Динамические контрольные пределы для процессов с медленным дрейфом
(изменение сырья, деградация инструмента)
"""
def __init__(self, adaptation_rate=0.05, min_phase1_samples=50):
self.adaptation_rate = adaptation_rate # скорость адаптации границ
self.phase1_complete = False
self.history = []
def update(self, new_value):
self.history.append(new_value)
if len(self.history) < 50:
return None # накапливаем данные
if not self.phase1_complete:
self.mean = np.mean(self.history[-50:])
self.std = np.std(self.history[-50:])
self.phase1_complete = True
else:
# EWMA адаптация параметров (медленная — для нормального дрейфа)
self.mean = (1 - self.adaptation_rate) * self.mean + self.adaptation_rate * new_value
# Адаптация std по экспоненциальному скользящему среднему квадрата отклонения
self.std = np.sqrt(
(1 - self.adaptation_rate) * self.std**2 +
self.adaptation_rate * (new_value - self.mean)**2
)
ucl = self.mean + 3 * self.std
lcl = self.mean - 3 * self.std
return {
'value': new_value,
'cl': self.mean, 'ucl': ucl, 'lcl': lcl,
'out_of_control': new_value > ucl or new_value < lcl
}
Integration with production
MES integration: The SPC system receives measurements online from the MES or directly from measuring equipment (CMMs, spectrometers, test benches).

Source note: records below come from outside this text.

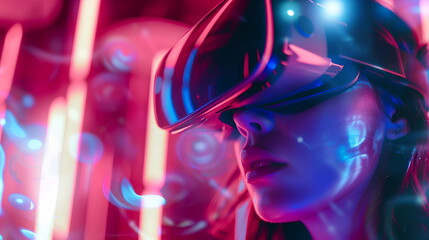 Woman using VR googles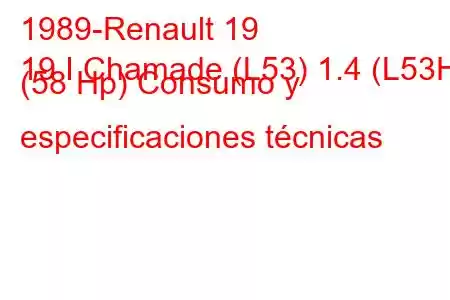 1989-Renault 19
19 I Chamade (L53) 1.4 (L53H) (58 Hp) Consumo y especificaciones técnicas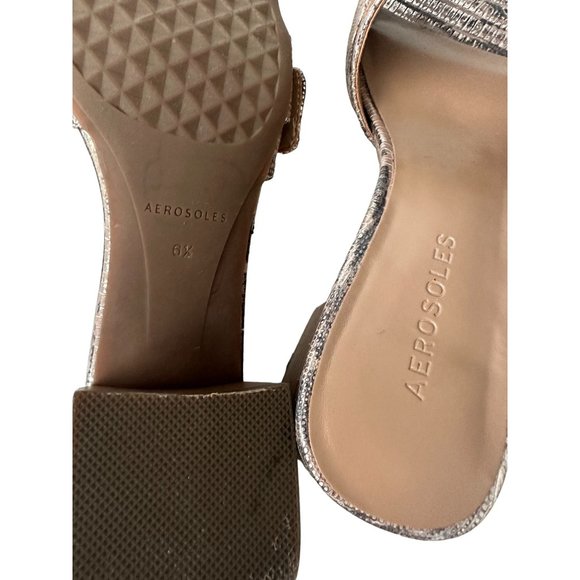 AEROSOLES Rose Gold Metallic Leather Sandals Sz 6.5 - Picture 6 of 6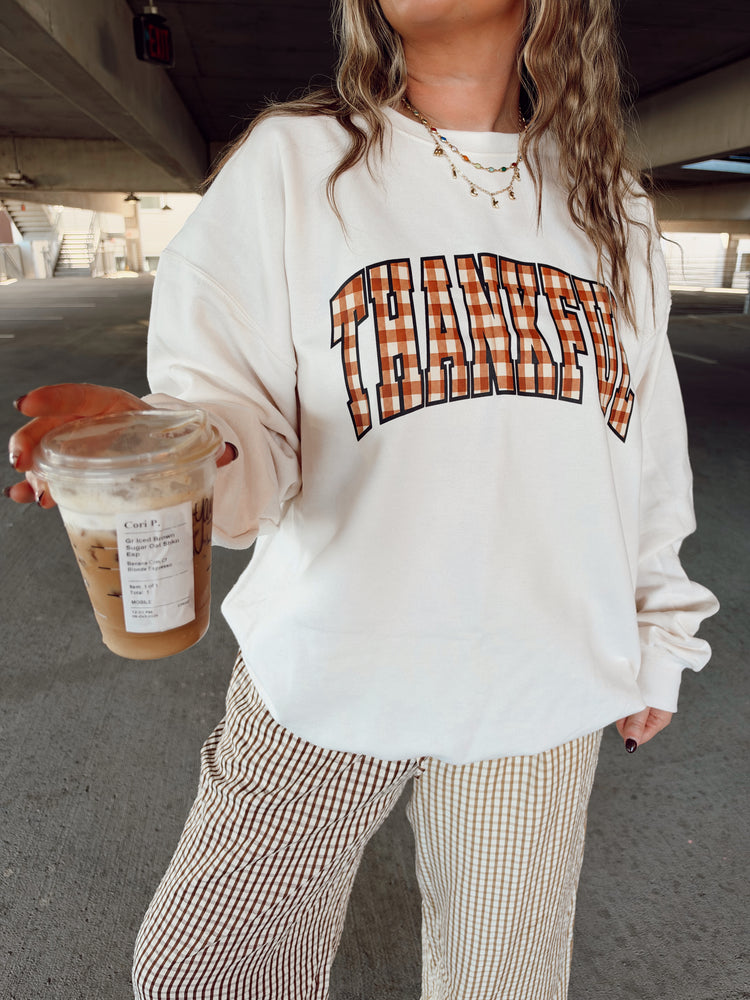 Gingham Thankful Sweatshirt(Sweat Cream)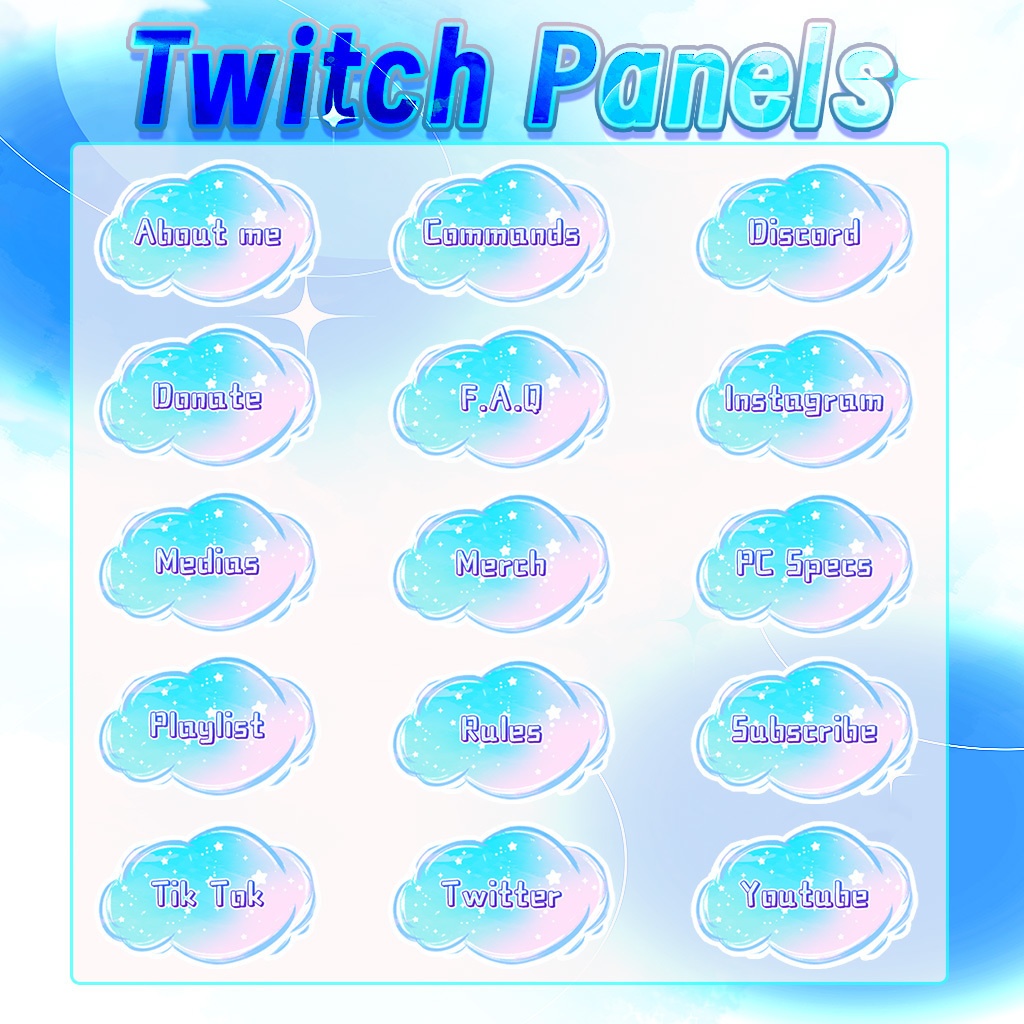 【Twitch Panels】Cloud Twitch Panels | Panels, Twitch Panels, Youtube Panels, Tiktok Panels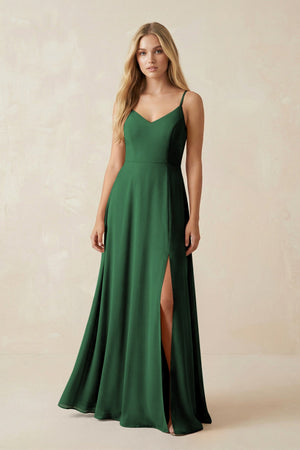 Cami Strap A-Line Chiffon Bridesmaid Dress with Slit in Dark Green - SHE IS ME BRIDESMAID DRESSES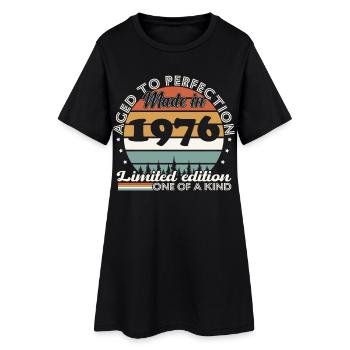 1976 Vintage Rétro Cadeau D’anniversaire - Robe T-shirt Femme - noir - Devant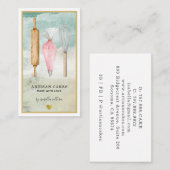 Pastechnop Baker Pink Gold Waterverf Visitekaartje (Voorkant / Achterkant)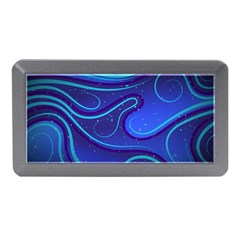 Wavy Abstract Blue Memory Card Reader (mini) by Pakrebo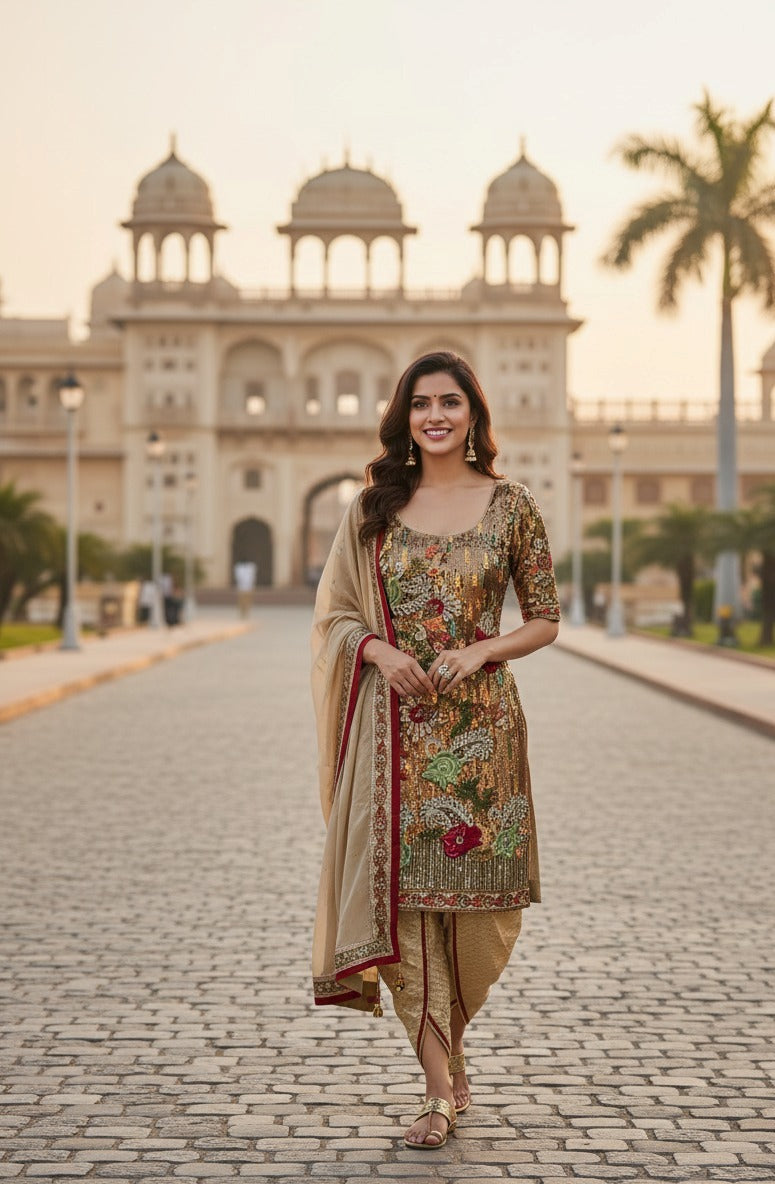 Green Suit with Golden Salwar Matching Duppata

When an alarm is triggered:
- Automatic batch locking for inspection
- Notification of the operator and technologist
- Creating a Non-Conformance Report (NCR) in QMS
Process capabilities (Cp, Cpk):
def process_capability(data, lsl, usl):
"""
Cp: потенциальная возможность
Cpk: реальная (учитывает смещение среднего)
"""
mean = np.mean(data)
std = np.std(data, ddof=1)
cp = (usl - lsl) / (6 * std)
cpu = (usl - mean) / (3 * std)
cpl = (mean - lsl) / (3 * std)
cpk = min(cpu, cpl)
return {'cp': cp, 'cpk': cpk, 'mean': mean, 'std': std}
Deadlines: X-bar/R maps + WECO rules + alerts + MES connector — 3-4 weeks. EWMA/CUSUM, multivariate T², adaptive boundaries, process capability, QMS integration — 2-3 months.